==== Supplied data

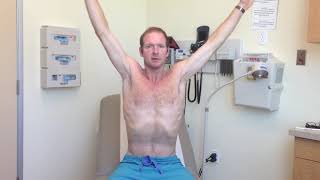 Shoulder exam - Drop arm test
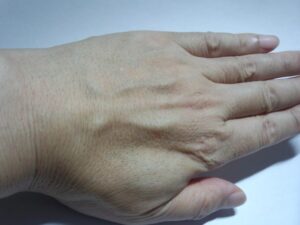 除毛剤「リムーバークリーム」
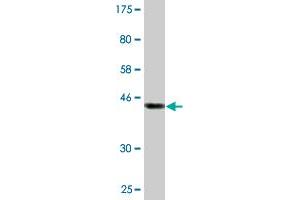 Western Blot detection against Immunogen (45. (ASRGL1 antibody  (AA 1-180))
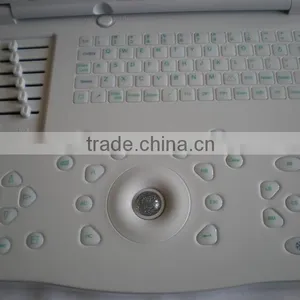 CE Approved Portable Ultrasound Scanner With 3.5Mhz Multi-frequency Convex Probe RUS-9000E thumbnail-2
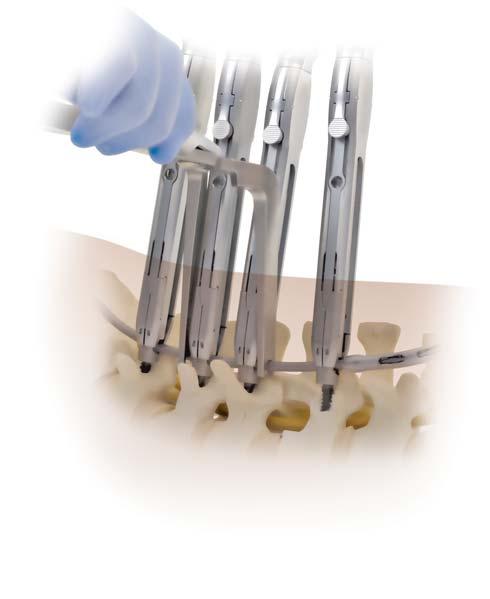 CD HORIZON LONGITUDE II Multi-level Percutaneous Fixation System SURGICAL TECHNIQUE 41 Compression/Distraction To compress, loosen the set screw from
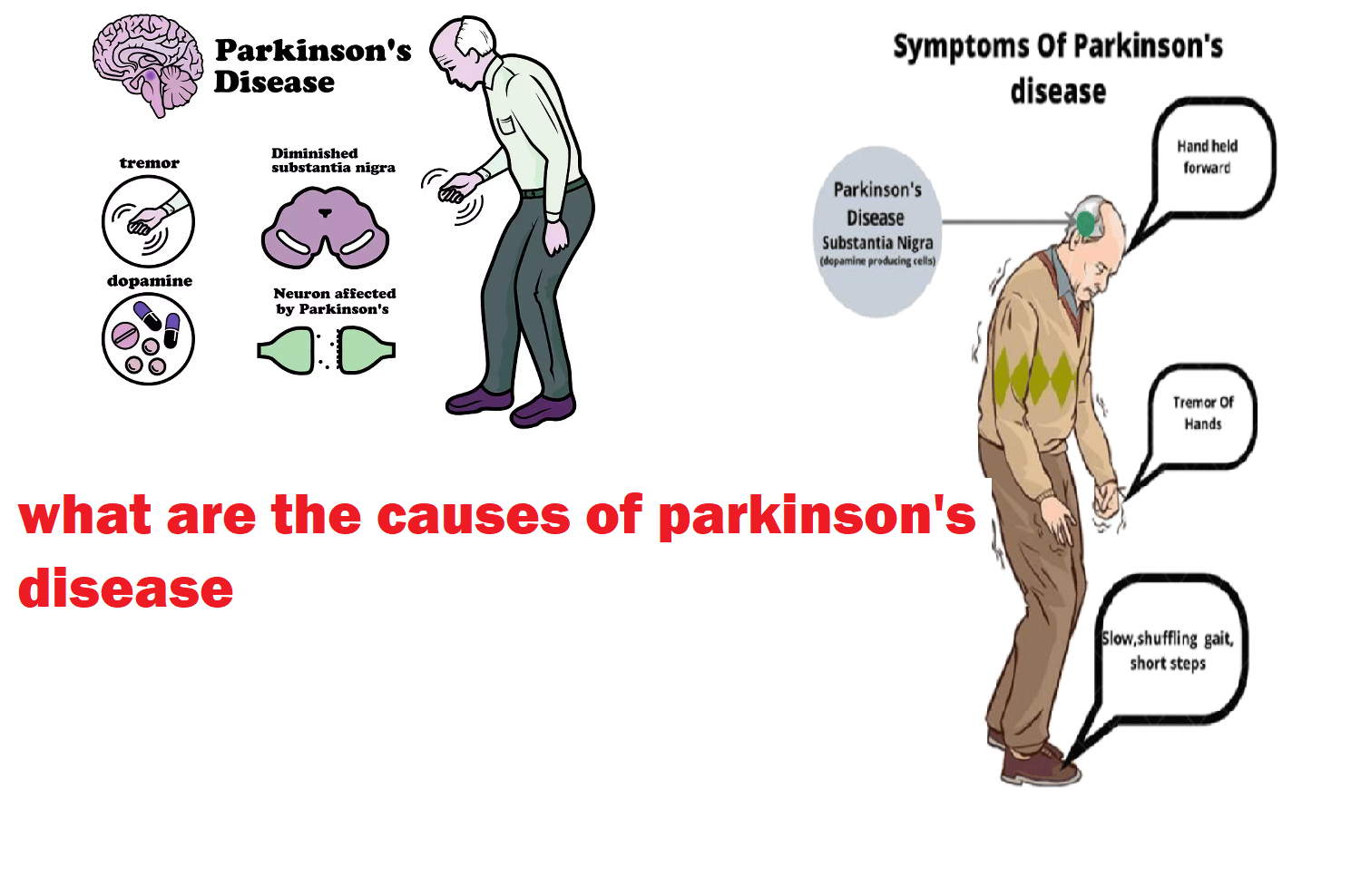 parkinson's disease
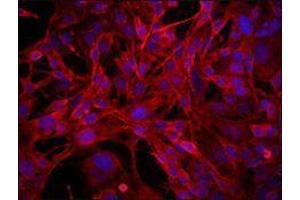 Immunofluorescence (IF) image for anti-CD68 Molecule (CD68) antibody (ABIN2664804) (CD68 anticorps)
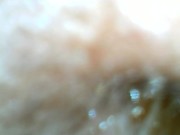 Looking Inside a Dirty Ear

========
==== Supplied data

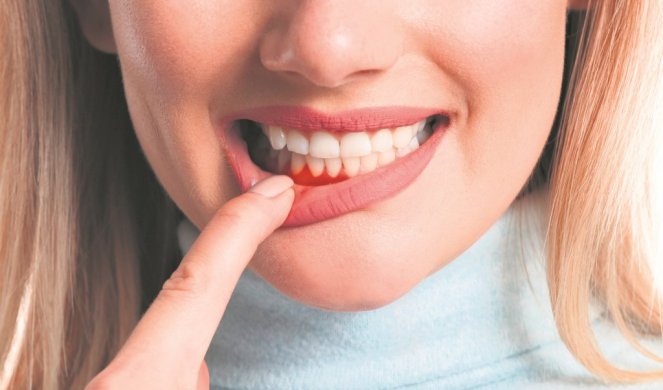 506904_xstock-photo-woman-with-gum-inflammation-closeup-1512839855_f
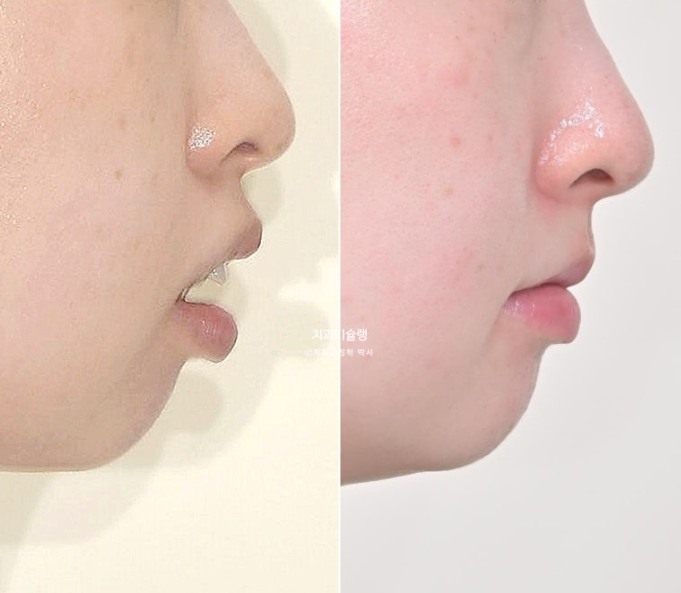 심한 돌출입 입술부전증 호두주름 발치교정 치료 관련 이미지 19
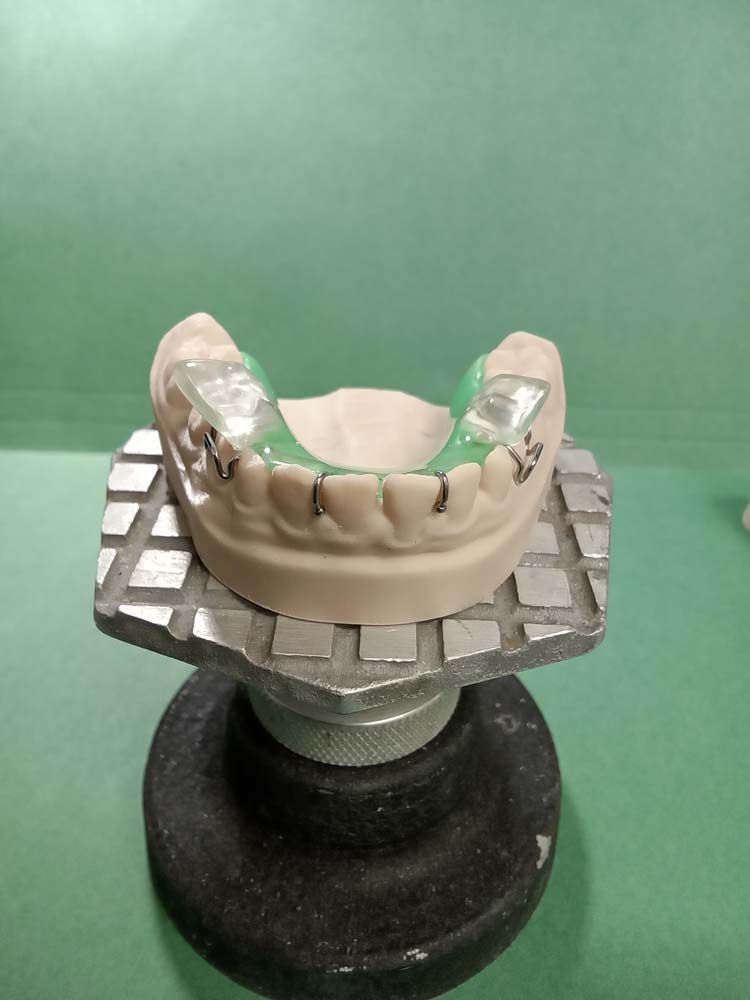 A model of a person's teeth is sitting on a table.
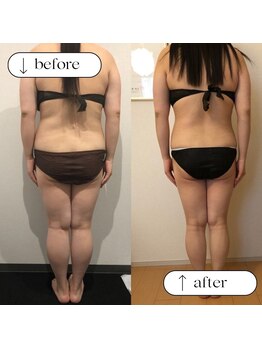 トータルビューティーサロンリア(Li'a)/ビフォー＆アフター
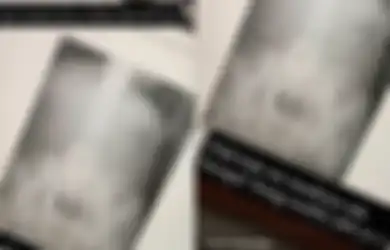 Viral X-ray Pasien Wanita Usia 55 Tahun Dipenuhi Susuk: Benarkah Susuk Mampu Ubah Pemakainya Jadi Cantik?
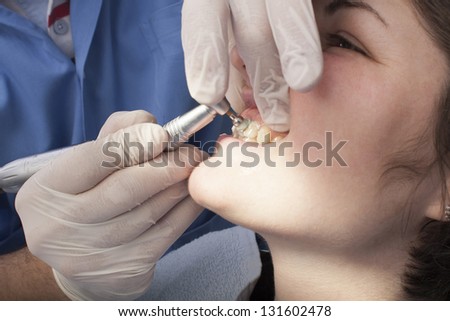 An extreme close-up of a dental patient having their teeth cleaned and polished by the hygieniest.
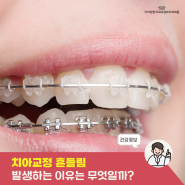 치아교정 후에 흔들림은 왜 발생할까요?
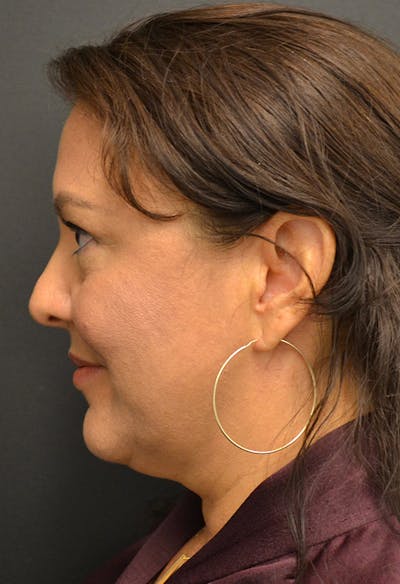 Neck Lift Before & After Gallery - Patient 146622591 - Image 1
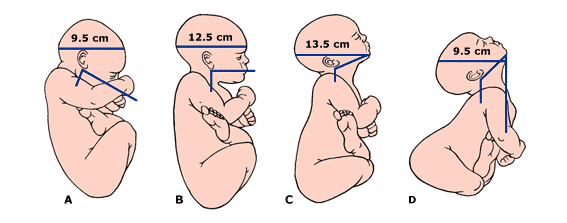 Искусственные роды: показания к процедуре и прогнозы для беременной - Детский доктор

========
==== Supplied data

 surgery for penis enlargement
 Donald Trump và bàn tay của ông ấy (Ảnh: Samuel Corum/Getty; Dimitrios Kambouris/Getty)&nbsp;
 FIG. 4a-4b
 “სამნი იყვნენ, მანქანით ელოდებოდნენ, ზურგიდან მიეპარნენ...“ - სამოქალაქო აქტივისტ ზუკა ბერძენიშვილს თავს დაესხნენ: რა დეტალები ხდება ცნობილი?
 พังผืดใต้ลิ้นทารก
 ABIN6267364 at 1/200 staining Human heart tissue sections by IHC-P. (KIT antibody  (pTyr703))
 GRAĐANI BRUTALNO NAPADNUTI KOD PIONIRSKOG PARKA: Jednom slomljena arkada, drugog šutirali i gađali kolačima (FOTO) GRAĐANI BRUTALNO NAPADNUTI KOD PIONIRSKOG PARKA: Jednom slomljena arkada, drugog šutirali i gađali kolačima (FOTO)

========

## How to complete this task
Restate word for word every line from the one with "치아교정 후에 흔들림은 왜 발생할까요?" up to and including the one with "Искусственные роды: показания" in the records above, minus the pictures.

## Problem solution
 치아교정 후에 흔들림은 왜 발생할까요?
 Neck Lift Before & After Gallery - Patient 146622591 - Image 1
 Искусственные роды: показания к процедуре и прогнозы для беременной - Детский доктор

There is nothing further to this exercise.